If there was a crime of being a busybody, would the authorities be entitled to arrest me or you? Can we imagine being put in gaol while they wait to decide our guilt? Certainly the writer of 1 Peter has ordinary people in his sights - not just super-villains or the rich and famous. So what about the 75,000 ordinary people who named Ryan Griggs as the international footballer linked with Big Brother celebrity and former Miss Wales Imogen Thomas? Without condoning his behaviour, is it not fair to see them as the sort of busybodies whom the writer of 1 Peter had in mind?
In our reading from the Acts of the Apostles we see Jesus making a journey in the opposite direction from Dominique Strauss Kahn. He goes from the shame of the cross, the cold and darkness of the tomb, the depths of hell, to the heights of heaven; he goes from being persona non grata to being Lord of all.
And yet Luke also believes that Jesus’ death on the cross is the highpoint of his ministry, the moment when God’s glory was most clearly shown to be at work in him, the moment when God’s love and forgiveness most clearly shone through him.
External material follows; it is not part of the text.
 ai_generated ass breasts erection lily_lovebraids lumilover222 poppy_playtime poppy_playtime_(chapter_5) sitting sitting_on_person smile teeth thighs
And the writer of 1 Peter says that we must expect to share in Christ’s sufferings, and that if we humble ourselves God will - in due time - lift us up.
So the idea of Jesus ascending to heaven, and of us sharing in his glory, is something that is intimately linked to and results from being humbled and accepting suffering. It’s as if only by spending the equivalent of some time locked up in Rikers Island, rather than enjoying five star accommodation in a luxury hotel, can we hope to experience the best that life has to offer. This is the complete opposite of what people normally expect.
Be that as it may, John certainly reinforces the idea that the moment of Jesus’ exaltation and glorification is not his ascension to heaven on a cloud but his ascension heavenwards when he is lifted up on the cross. Jesus says to the crowd that the hour has come for God to glorify him and for him to give glory to God, but he’s thinking about the hour of his death. It is on the cross that Jesus becomes sovereign over all the human race and it is by finishing the work that he was put on earth to do that Jesus enters into God’s presence and is raised to new life.
Jesus prays that his disciples, and through their testimony we too, may continue to reveal his glory. Because we know that Jesus has died for us, to reveal God’s love for us, we can know with certainty that he is one with God and we belong to him. This knowledge, and the mission which springs from it, should be enough weld us into a unified body of dedicated followers, bent on doing his will.